When Adobe introduced PostScript in the 1980s, it created a font format to go with it, which we now call PostScript Type 1. Tens of millions of Type 1 fonts are still in circulation.
These are the icons currently associated with PostScript Type 1 fonts. In Windows, they may get the “a-for-Adobe” icon or the generic document icon shown on the right.

In Windows, these font files have the file name extension .pfb or .pfm. On the Mac, they normally have no file name extensions because they predate OS X, when Apple started using them. The LWFN in the Mac icon stands for LaserWriter Font, after Apple’s first PostScript printer.
Except for fonts containing only symbols or all capitals, nearly all Type 1 fonts have a standard character set. That is, they all contain the same letters, numbers, punctuation marks, and symbols. This character set is still at the heart of almost every font you use, regardless of format.
In these fonts, each character is identified by a number from 0 to 255, because all computer systems identify characters by number, and 256 is the most numbers you can specify with a single byte of computer data. Consequently, these fonts are sometimes referred to as single-byte fonts.
In fact, these fonts contain only 228 printable characters (including the word space), with the other “slots” in the font occupied by program commands, such as Return.
These 228 characters, which comprise the standard Type 1 character set, are still included in nearly every text font.

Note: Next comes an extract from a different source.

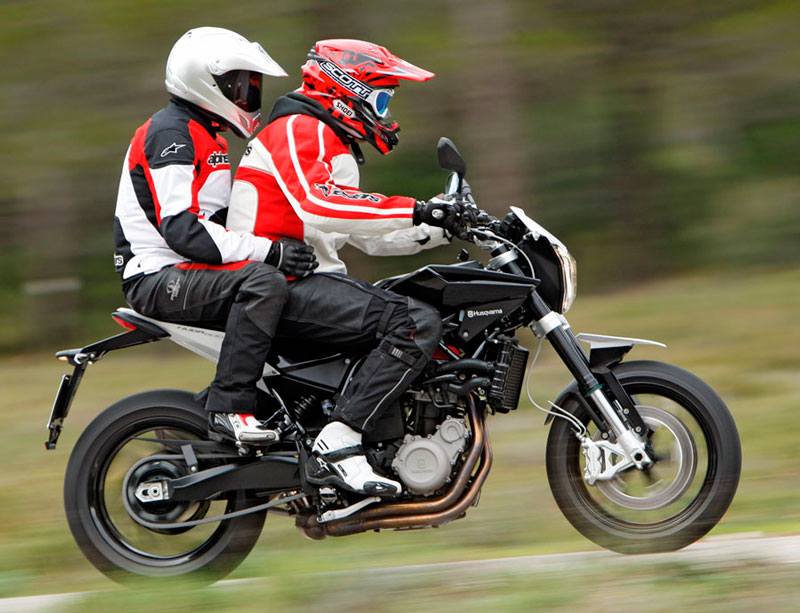 Husqvarna Nuda 900 mit Sozius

Apple and Microsoft adopted competing strategies for using Type 1 fonts. For example, neither company’s operating system allowed access to all of the 228 characters — each OS used a different subset. Some characters were only accessible in Windows, others only on the Mac, and yet others were unavailable to both, as shown here:

In addition, the Mac OS created the illusion that certain Greek and math characters were a part of each font, when in fact they were being “borrowed” from the Symbol font when the appropriate keystrokes were typed. You may have noticed that these characters didn’t match the style of the typeface you were using, unless that happened to be Helvetica or Times Roman. Here are those refugees from Symbol:

On both systems, characters with ID numbers in the range from 0 through 127 were typed directly as printed on the keyboard, with or without the Shift key. To type higher-numbered characters, the Mac added the Option key to the mix (e.g., Shift-Option-d). The keystrokes required to access these “high-bit” characters are revealed in the Mac Keyboard Viewer utility. Windows’s technique was to hold down the Alt key while typing the character’s ID number using the numeric keypad.
For the most part, these methods for character access continue to work — or not work, in the case of the characters just cited — even though Windows and the Mac OS have evolved away from their old ways of dealing with fonts. Most significantly, both now rely on Unicode, a new standardized (yay!) numbering system, for identifying characters within fonts and within documents. For example, when using Macs running OS X, Unicode-savvy programs will not render the “borrowed” characters correctly when you’re using Type 1 fonts. This is probably not a big deal for most of you. If you do need these characters, you can either get them directly from the Symbol font itself or buy OpenType versions of your old Type 1 fonts.
Unicode and The Rise of the Big Fonts
In the late 1980s, Microsoft and Apple (principally) developed a font format to compete with Adobe’s, and they called it TrueType. It was PostScript-compatible, but it used a two-byte character-numbering system, so it could contain on the order of 65,000 characters. Cool. TrueType fonts were the first popular double-byte or two-byte fonts.
Apple ceded control of the format to Microsoft, and in time they and Adobe created a hybrid format — OpenType — that encompassed both the TrueType and PostScript Type 1 specs. OpenType fonts have many charms, including using a single file format that will work on both Apple and Windows platforms. Cooler still.
Here’s what TrueType and OpenType icons look like:

Because OpenType is a variant of the TrueType spec, you often see OpenType font icons assigned to font files whose names end in .ttf (which stands for TrueType Font).
But with more capability came more complexity. In TrueType and OpenType fonts, for example, there’s no longer any standard character set — what’s in a font varies from vendor to vendor and font to font.
Despite their potential to hold thousands of characters, most OpenType fonts contain very few more than the old Type 1s. (Adding lots of characters is expensive.) The “Adobe Western 2” character set used for its “Standard” OpenType fonts, for example, has only 17 more characters than the original Type 1 fonts, which Adobe no longer sells. Adobe’s so-called “Pro” fonts may have many more, but their contents are unpredictable. You can still count on these fonts to include the “old 228,” but beyond that, all bets are off.
Here are the 17 characters that Adobe added to the Type 1 fonts in its library when it converted them to OpenType format.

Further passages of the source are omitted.